Reforming mental health services for pregnant women 'unfinished business' — psychiatrists
 
 Perinatal psychiatrist Dr Catherine Hinds said 'the other big lack in perinatal services is having a bespoke specialist inpatient unit'. Picture: Moya Nolan
Reforming mental health services for pregnant women is “unfinished business”, with women in some regions still missing out on services available in cities, leading psychiatrists have warned.
Ireland also still does not have a psychiatric unit to admit new mothers and babies together.
Dr Mas Mahady Mohamad, psychiatrist with the Specialist Perinatal Mental Health Team at the University Maternity Hospital Limerick, said this team was the first to open outside of Dublin under 2018 reforms.
“Last year we received almost 1,000 referrals which is quite significant for a maternity hospital with around only 4,000 new births per year,” he said.
Limerick is one of six hub sites with smaller maternity units operating as spoke sites.
The Midwest has seen a rise in referrals and more complex cases since the pandemic began, with Dr Mahady saying he believed the "increase is quite standard across all the hubs."
Dr Mahady, a member of the Perinatal Psychiatry Special Interest Group at the College of Psychiatrists of Ireland (CPI), said women attending the hubs receive more supports.

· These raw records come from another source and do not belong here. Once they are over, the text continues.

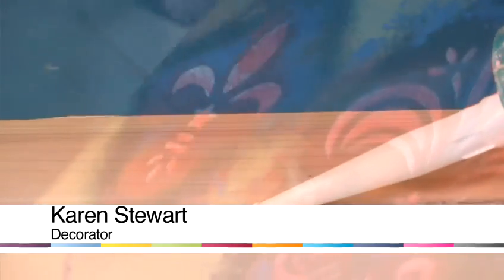My name is Karen and I'm a tutor at Kensington Chelsea College. Today I'm going to show you how to do some painting and decorating techniques and also how to do some specialist painting.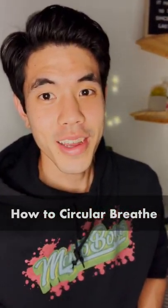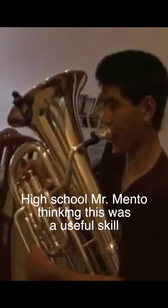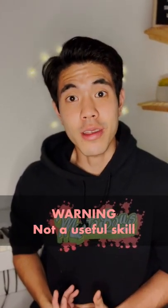Hey, let's learn how to circular breathe. Basically, it's a way to breathe while you play your instrument. Although it seems like it would be useful, breathing is a natural part of wind instrument playing, and this is really just a party trick.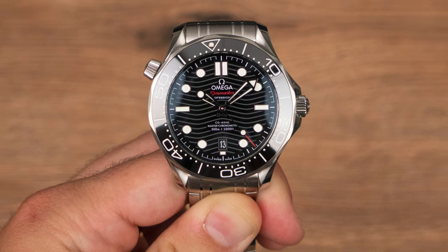The same goes for the helium escape valve at 10 o'clock — some people hate it, but it's been there for over 25 years and Omega won't be getting rid of it anytime soon. It adds a little character, and when you're actually wearing the watch, it doesn't bother you as much as you might think.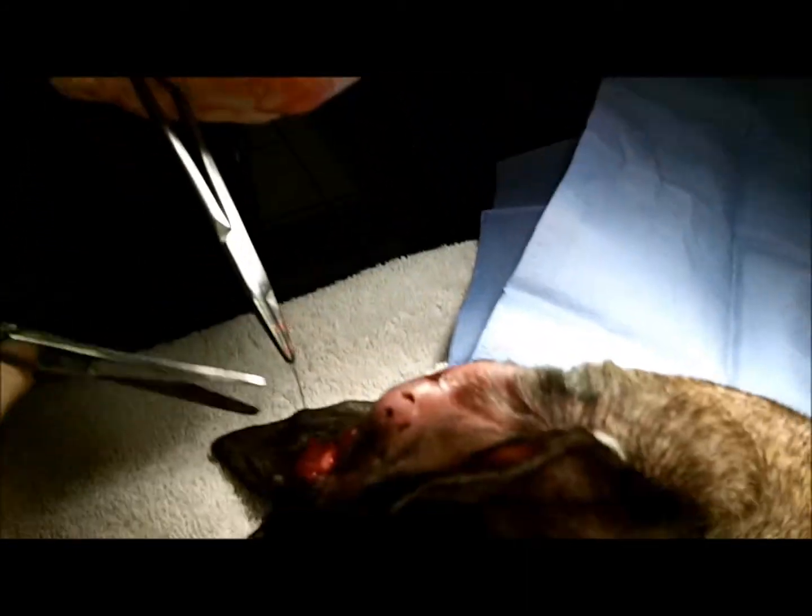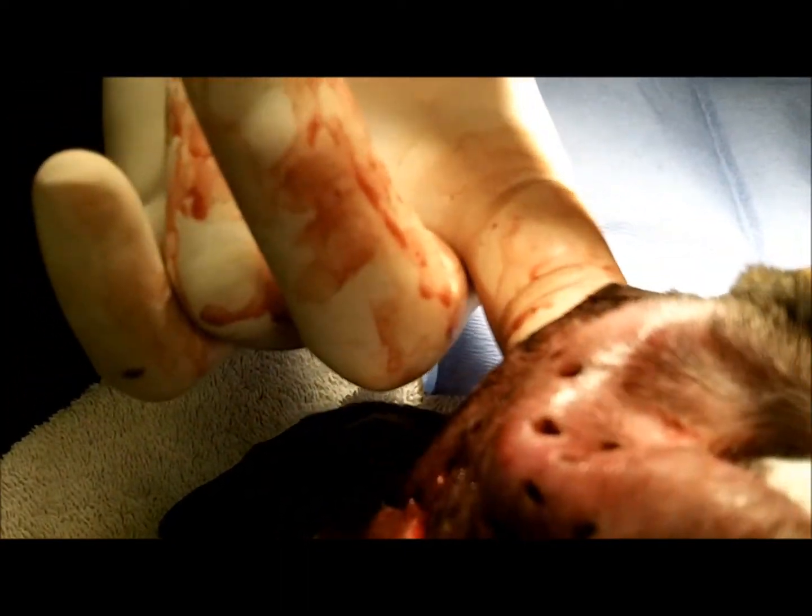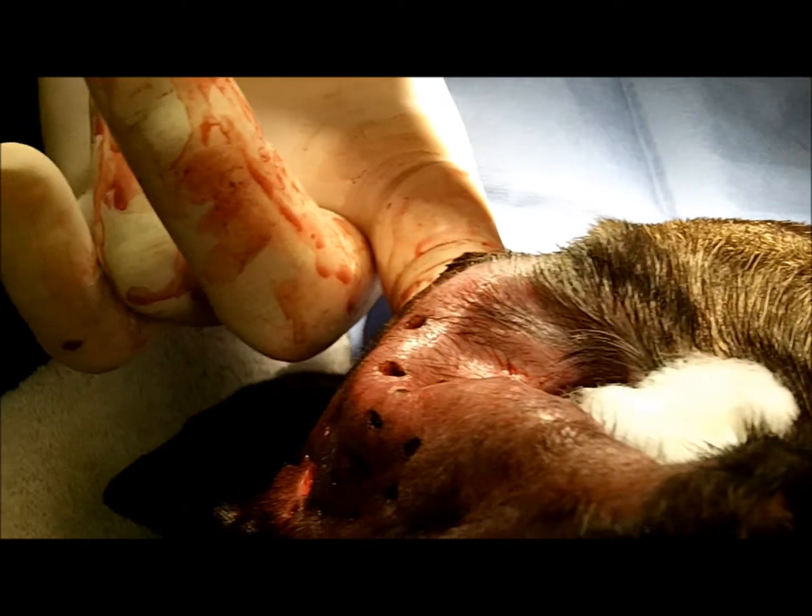Here I sutured the ear to the top of the head so you don't have to put the heavy bandages on. Those heavy bandages can be a little bit dangerous, so this is actually a much better way to go. There you can see it.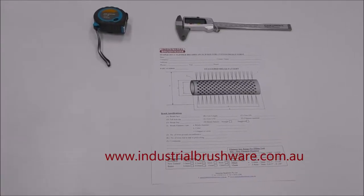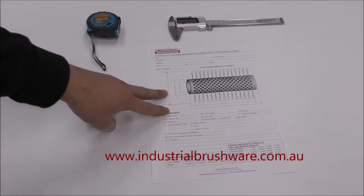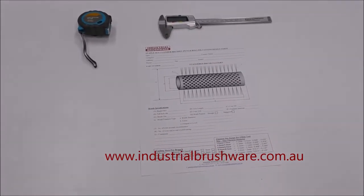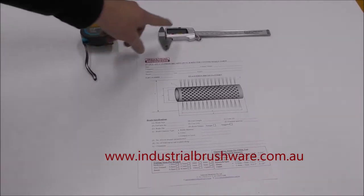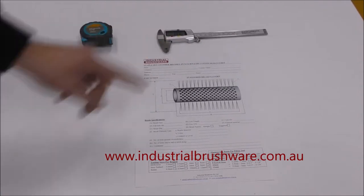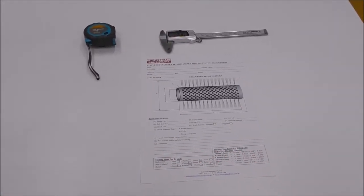To successfully measure any form of brush, you're going to need three things: first, your custom design form, which you'll find on the Industrial Brushware website; a tape measure — everyone's got one of those; and a caliper or vernier. Digital is always better because you get a more accurate reading.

“We need to look at equal services across the country. At the moment the smaller hospitals are mainly staffed by a mental health midwife, with the support of the liaison psychiatry or general adult psychiatry.
"But they don’t have the same level of access to a specialist perinatal psychiatrist or they don’t have access to a specialist clinical psychologist or occupational therapist.” This is particularly key, he said, for women with more severe mental illnesses.
“I think looking at enhancing what is provided in the spokes is one of the key pieces (remaining) so that someone who lives in Dingle or Wexford or Donegal would get the same level of services as someone who lives in Dublin or Limerick,” he said.
At the National Maternity Hospital in Dublin, perinatal psychiatrist Dr Catherine Hinds, echoed these concerns.
“The other big lack in perinatal services is having a bespoke specialist inpatient unit,” she said.
At the moment, she said, new mothers are admitted to a psychiatric hospital and looked after by a general adult psychiatrist.
“That’s a mismatch of expertise,” she said.
"We want specialist teams looking after those women, but the most important thing is in a mother and baby unit the mums can be admitted with their babies.” Separating them, she said will “prolong their recovery and make their mental health worse” as well as impacting babies.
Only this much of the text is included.